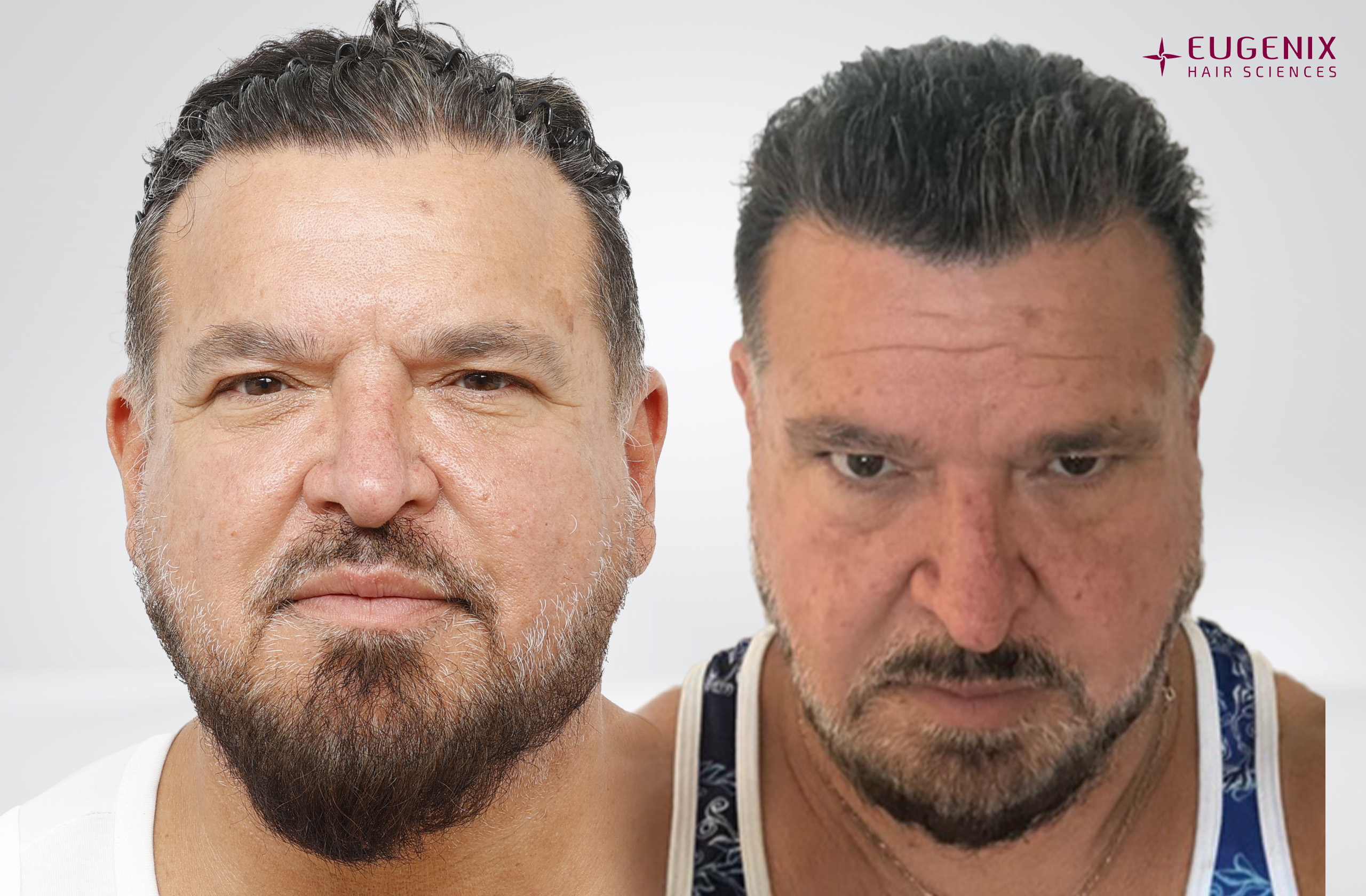 JASON PAUL PACHECO Front Before and After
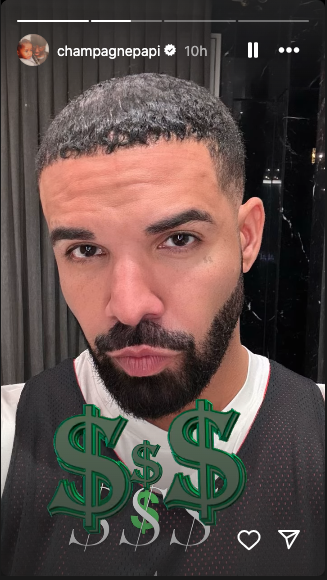 Drake flamed for rocking strange new hairstyle (photo)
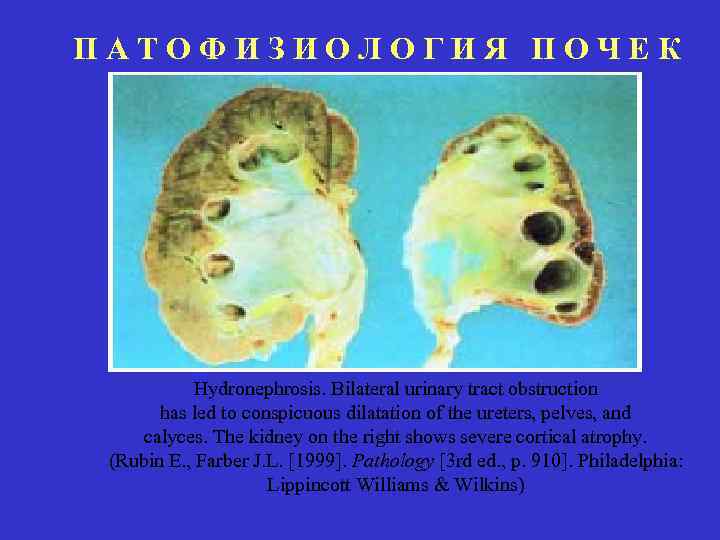 ПАТОФИЗИОЛОГИЯ ПОЧЕК Hydronephrosis. Bilateral urinary tract obstruction has led to conspicuous dilatation of the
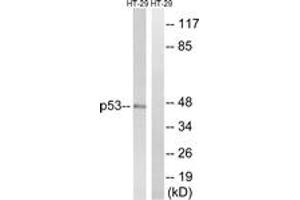 Western blot analysis of extracts from HT-29 cells, treated with calyculinA 50ng/ml 30', using p53 (Ab-376) Antibody. (p53 antibody  (AA 334-383))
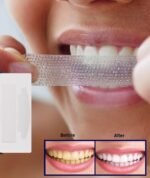 Anubhav Janni Teeth Strip Portable Dental Reduced Sensitivity White Strips Whitener for Removing Smoking Coffee Stain Effective Home Use Tooth Kit Gentle Sensitive Professional (pack of 1) - Image 7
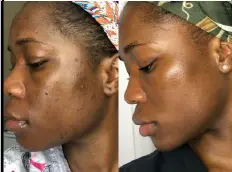 Customer before and after evidence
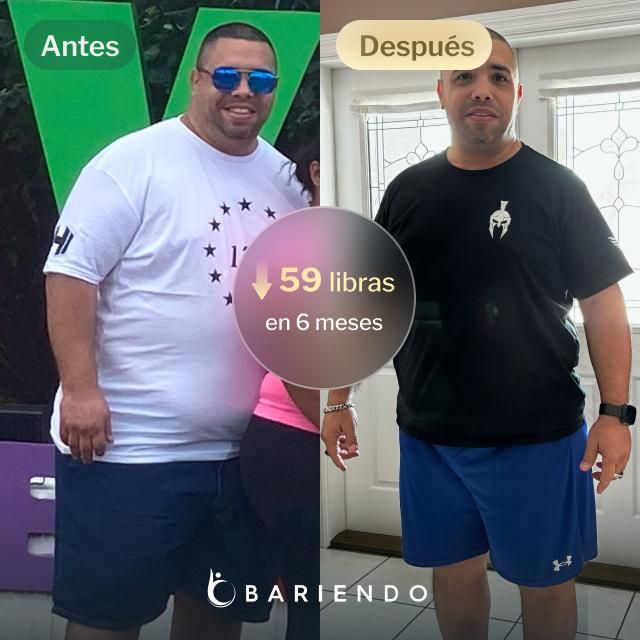 Imágenes de antes y después de Oscar, quien perdió 59 libras en 6 meses a través del procedimiento de Reducción de Estómago ESG de Bariendo.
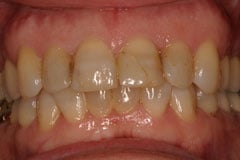 Before - Porcelain Veneer Case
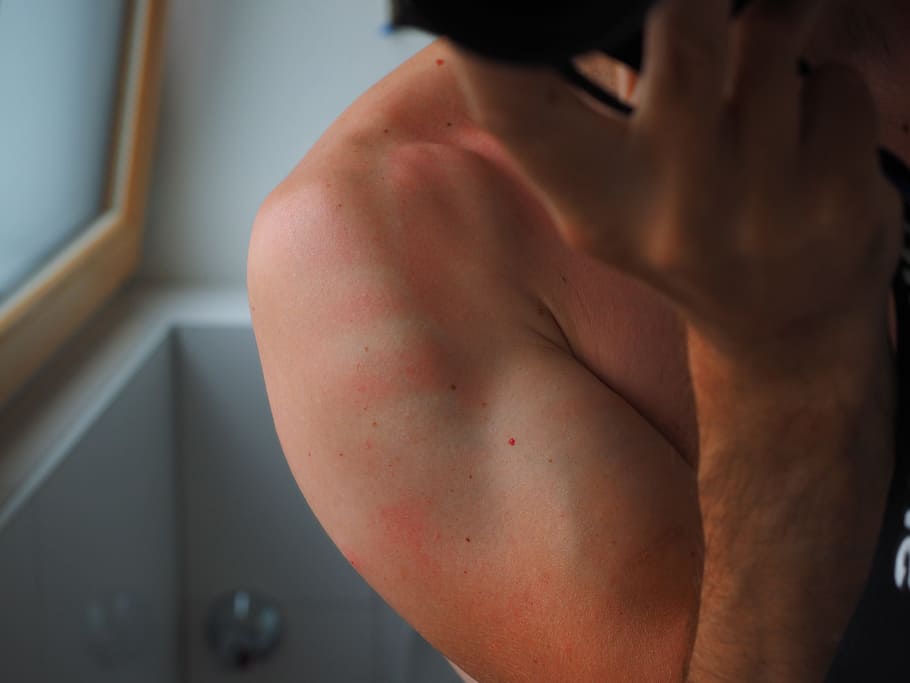 person's right hand, Sunburn, Skin, Flushed, Dermatology, red, HD wallpaper
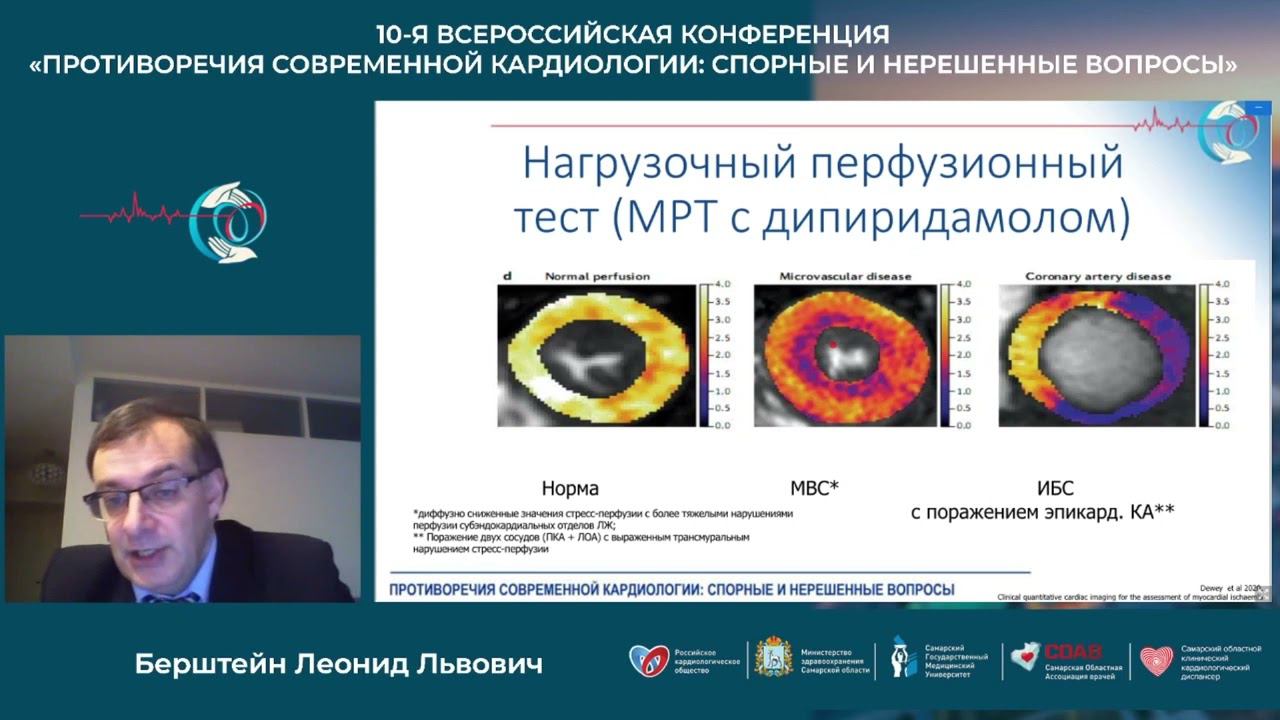 13 11 Научный Симпозиум Стабильная Ибс Краеугольные Моменты Ведения Пациента смотреть онлайн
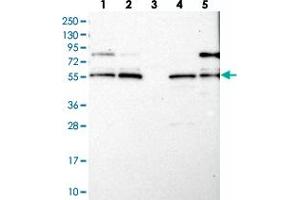 Western blot analysis of Lane 1: RT-4, Lane 2: U-251 MG, Lane 3: Human Plasma, Lane 4: Liver, Lane 5: Tonsil with LRCH4 polyclonal antibody . (LRCH4 抗体)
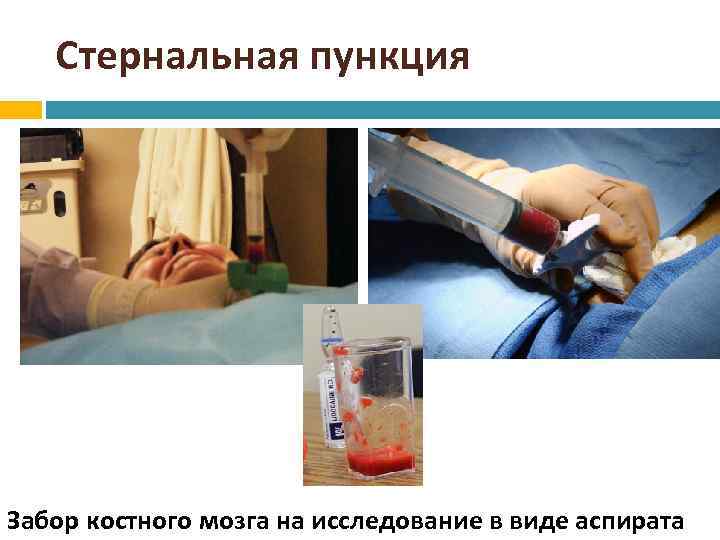 Стернальная пункция Забор костного мозга на исследование в виде аспирата 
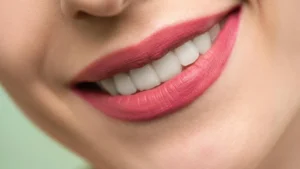 Read more about the article What Is the Cost and Procedure for Porcelain Veneers?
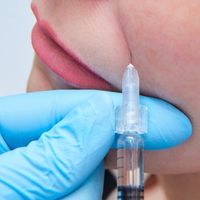 Nasolabial filler service in top beauty clinic in ottawa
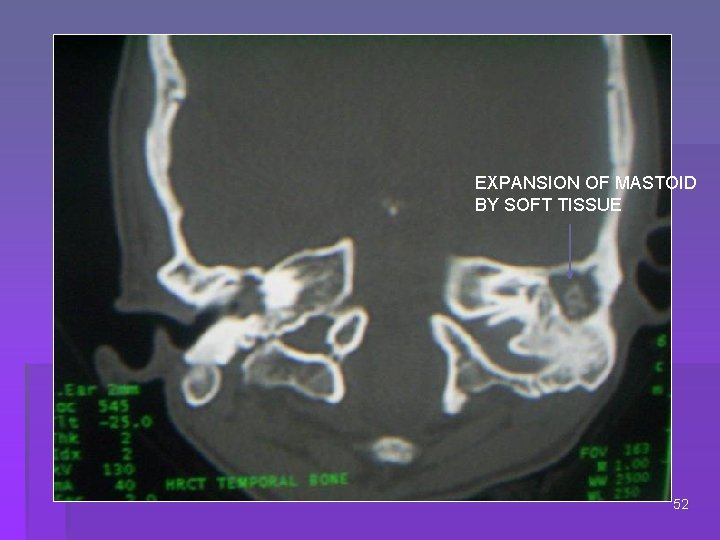 EXPANSION OF MASTOID BY SOFT TISSUE 52 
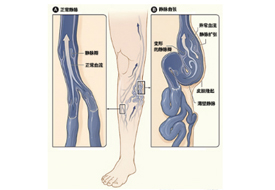 Disease prevention and treatment-Shenzhen Xingyin Pharmaceutical Co., LTD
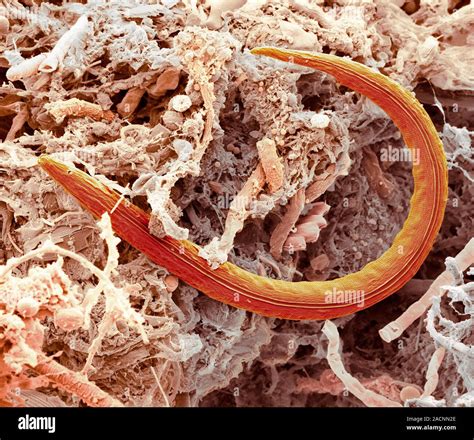 Nematode Worm Coloured Scanning Electron Micrograph Sem Of A Freshwater Nematode From A Pond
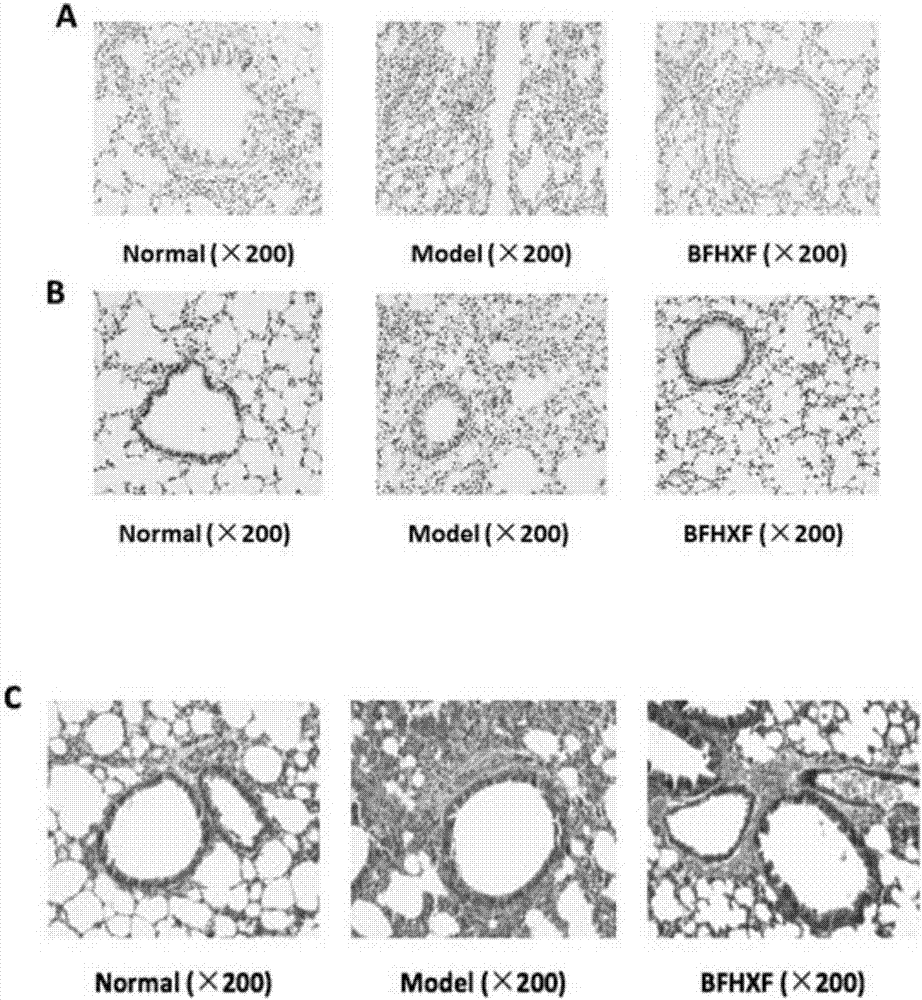 Use of Bufei Huoxue Capsules for the treatment or prevention of lung injury caused by PM2.5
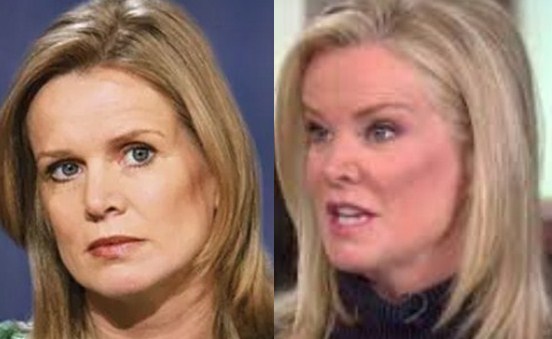 Katty Kay Plastic Surgery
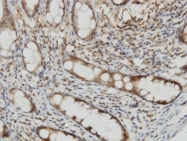 H00009266-M02 - Cytohesin 2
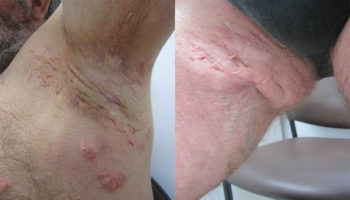 hidradenitis suppurativa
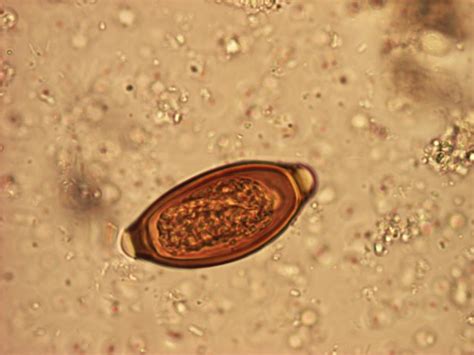 Blastocystis Parasite Blog: Trichuris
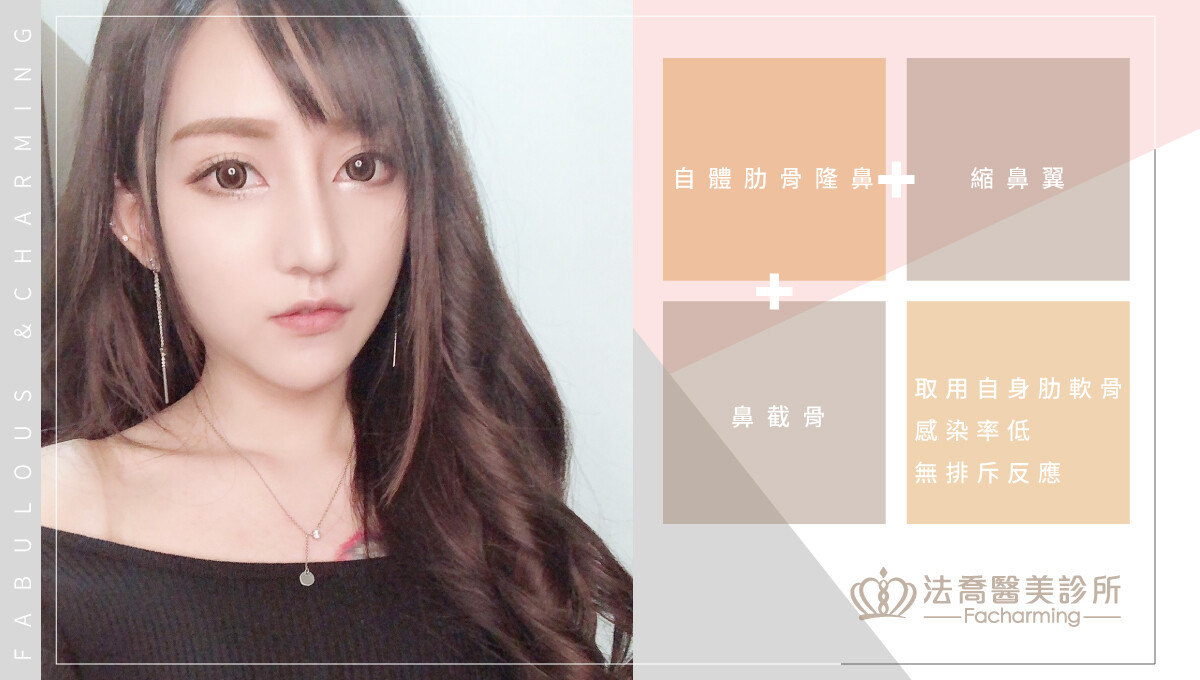 法喬醫美診所隆鼻權威邱浚彥醫師案例作品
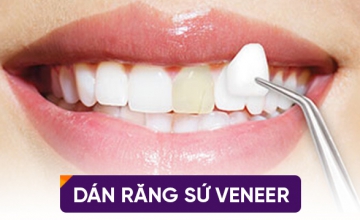 Dán sứ Veneers thẩm mỹ. (1)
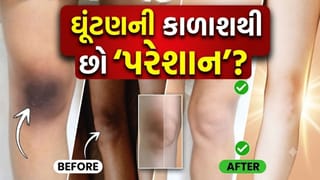 ઘૂંટણની કાળાશ કેવી રીતે ઓછી કરવી ? ડાર્કનેસ દૂર કરવા માટે શું લગાવવું જોઈએ? જાણો દૂર કરવાની ‘સિક્રેટ ટિપ્સ’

The problem: Only the lines from the one with "Dán sứ Veneers thẩm mỹ. (1)" to the last line of the listing, inclusive, are to be set down, exactly as they stand and without pictures.

Solution to this task:
 Dán sứ Veneers thẩm mỹ. (1)
 ઘૂંટણની કાળાશ કેવી રીતે ઓછી કરવી ? ડાર્કનેસ દૂર કરવા માટે શું લગાવવું જોઈએ? જાણો દૂર કરવાની ‘સિક્રેટ ટિપ્સ’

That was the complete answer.